━━━ SOURCE RECORDS

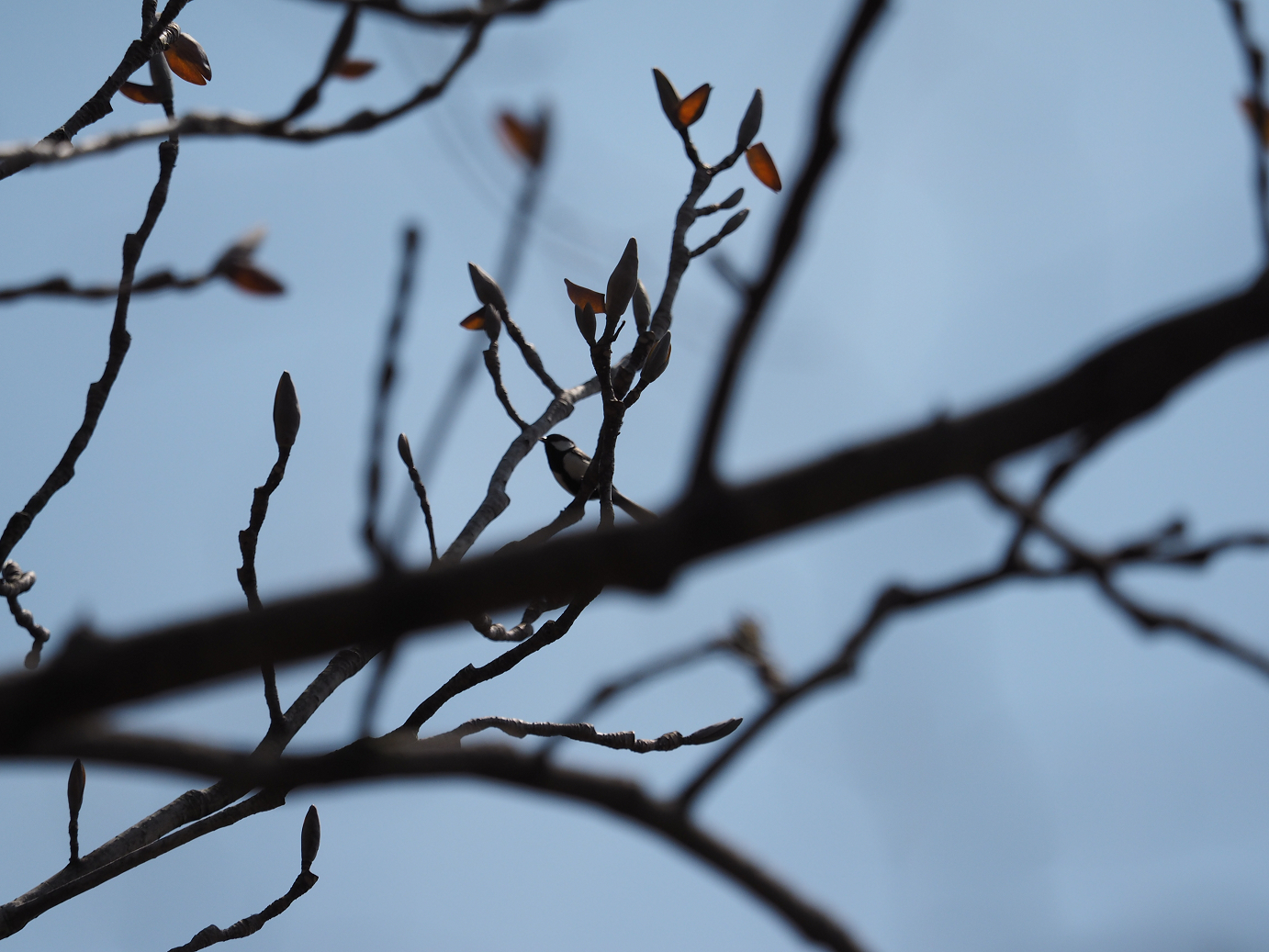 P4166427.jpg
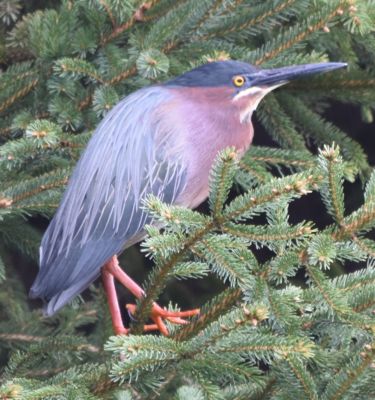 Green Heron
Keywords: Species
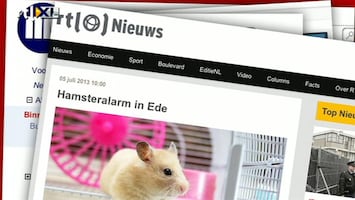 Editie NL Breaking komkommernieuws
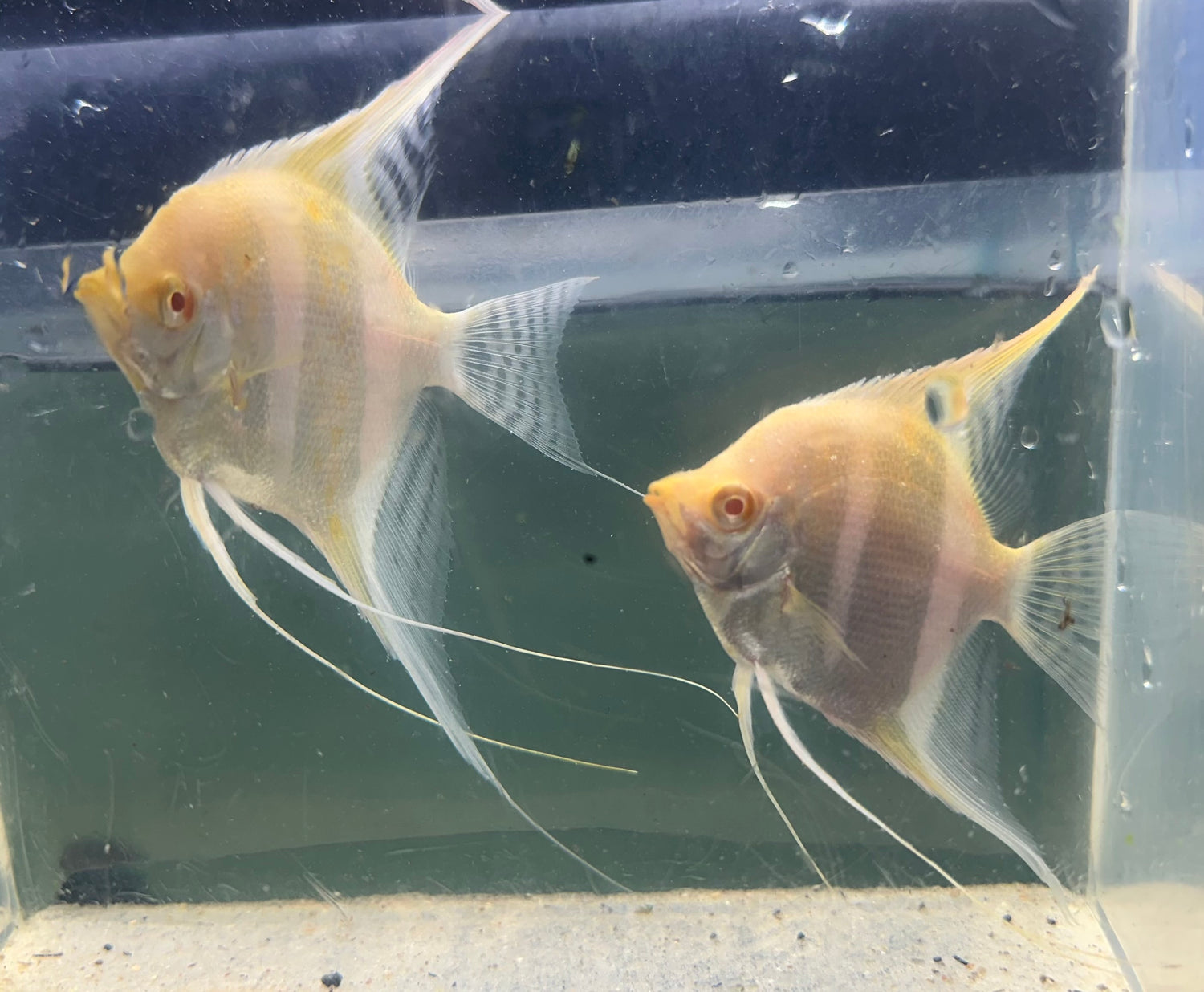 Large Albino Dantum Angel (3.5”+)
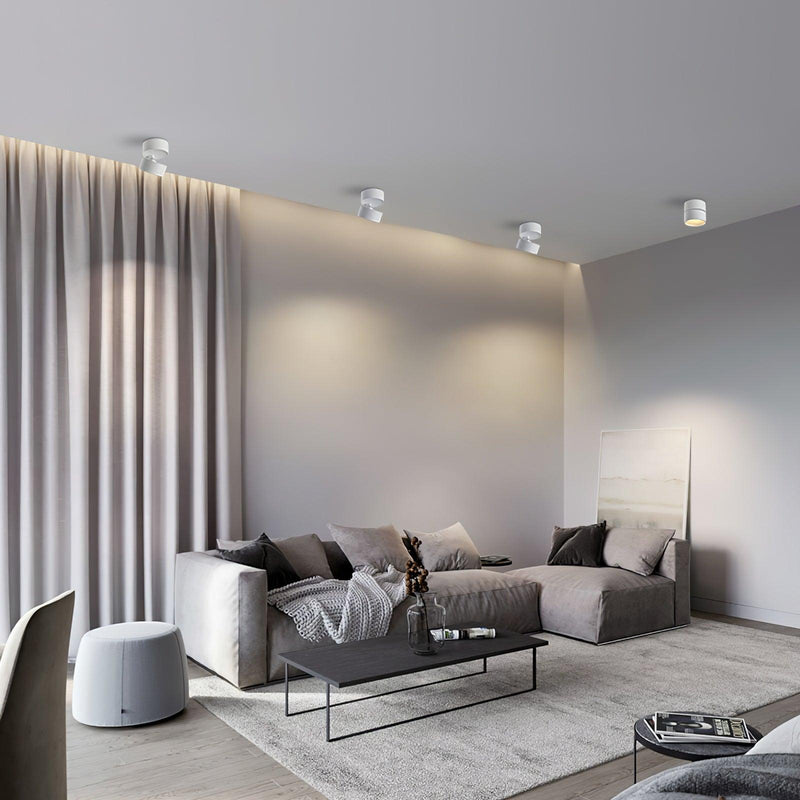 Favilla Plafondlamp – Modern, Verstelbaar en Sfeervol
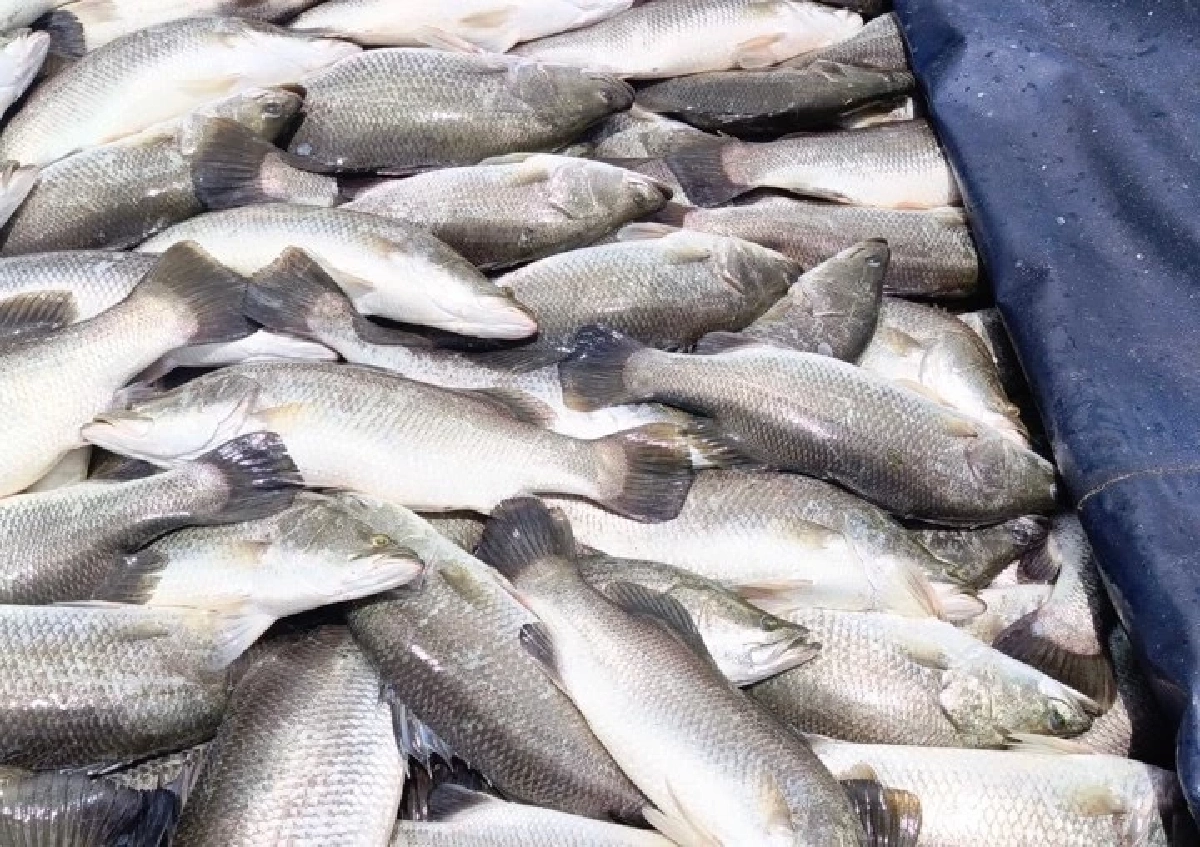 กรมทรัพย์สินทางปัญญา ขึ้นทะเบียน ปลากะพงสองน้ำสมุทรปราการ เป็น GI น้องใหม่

━━━━━━

The records above are to be transcribed word for word. Skip the images.

● SOLUTION:
 P4166427.jpg
 Green Heron
Keywords: Species
 Editie NL Breaking komkommernieuws
 Large Albino Dantum Angel (3.5”+)
 Favilla Plafondlamp – Modern, Verstelbaar en Sfeervol
 กรมทรัพย์สินทางปัญญา ขึ้นทะเบียน ปลากะพงสองน้ำสมุทรปราการ เป็น GI น้องใหม่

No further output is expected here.